REQUIREMENT
Restate exactly the lines of the entries below, beginning with the first and ending with the line that holds "Today I'll be". Pictures are not copied.
=== Begin Enclosure ===
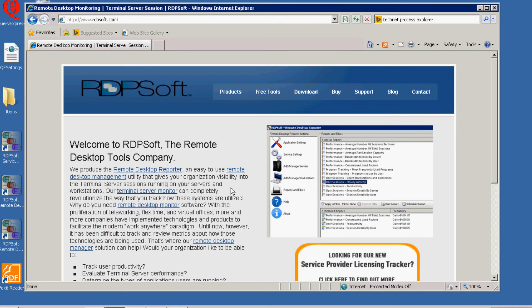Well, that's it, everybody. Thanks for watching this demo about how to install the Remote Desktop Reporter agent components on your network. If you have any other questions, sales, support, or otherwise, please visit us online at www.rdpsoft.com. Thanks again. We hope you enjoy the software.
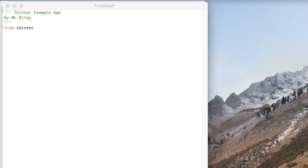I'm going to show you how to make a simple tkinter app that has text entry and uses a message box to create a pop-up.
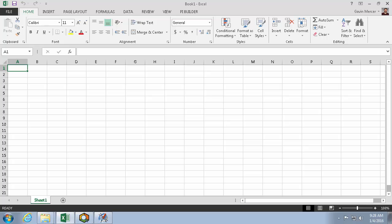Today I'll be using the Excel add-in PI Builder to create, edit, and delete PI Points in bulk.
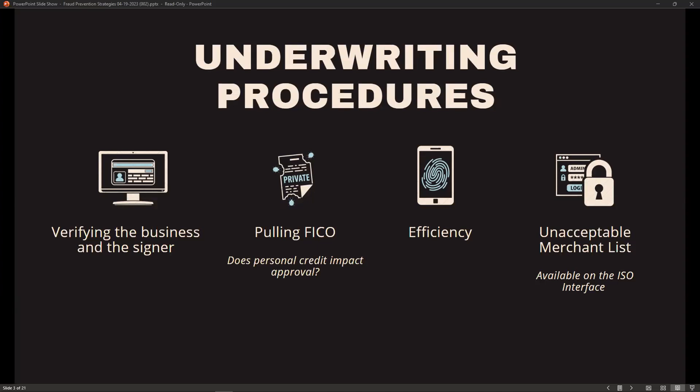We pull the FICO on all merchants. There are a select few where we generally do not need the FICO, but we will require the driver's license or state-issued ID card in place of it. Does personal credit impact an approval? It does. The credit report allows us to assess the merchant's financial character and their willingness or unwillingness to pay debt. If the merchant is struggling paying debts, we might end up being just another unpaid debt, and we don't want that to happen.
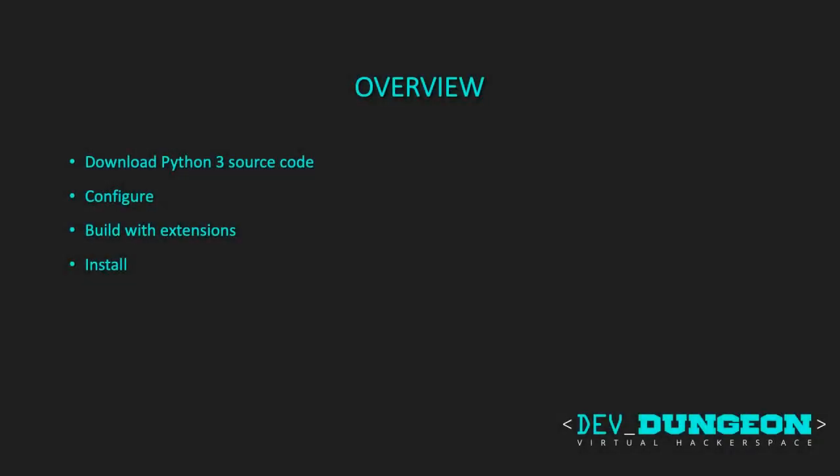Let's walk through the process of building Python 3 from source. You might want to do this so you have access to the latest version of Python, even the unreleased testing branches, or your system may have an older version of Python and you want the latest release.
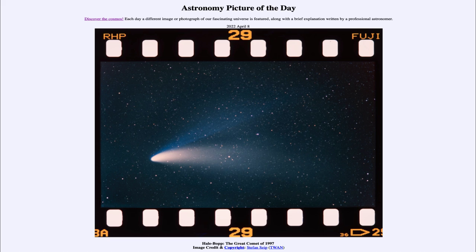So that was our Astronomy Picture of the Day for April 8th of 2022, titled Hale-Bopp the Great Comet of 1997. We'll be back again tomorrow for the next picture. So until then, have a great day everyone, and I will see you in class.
=== End Enclosure ===
ANSWER
Well, that's it, everybody. Thanks for watching this demo about how to install the Remote Desktop Reporter agent components on your network. If you have any other questions, sales, support, or otherwise, please visit us online at www.rdpsoft.com. Thanks again. We hope you enjoy the software.
I'm going to show you how to make a simple tkinter app that has text entry and uses a message box to create a pop-up.
Today I'll be using the Excel add-in PI Builder to create, edit, and delete PI Points in bulk.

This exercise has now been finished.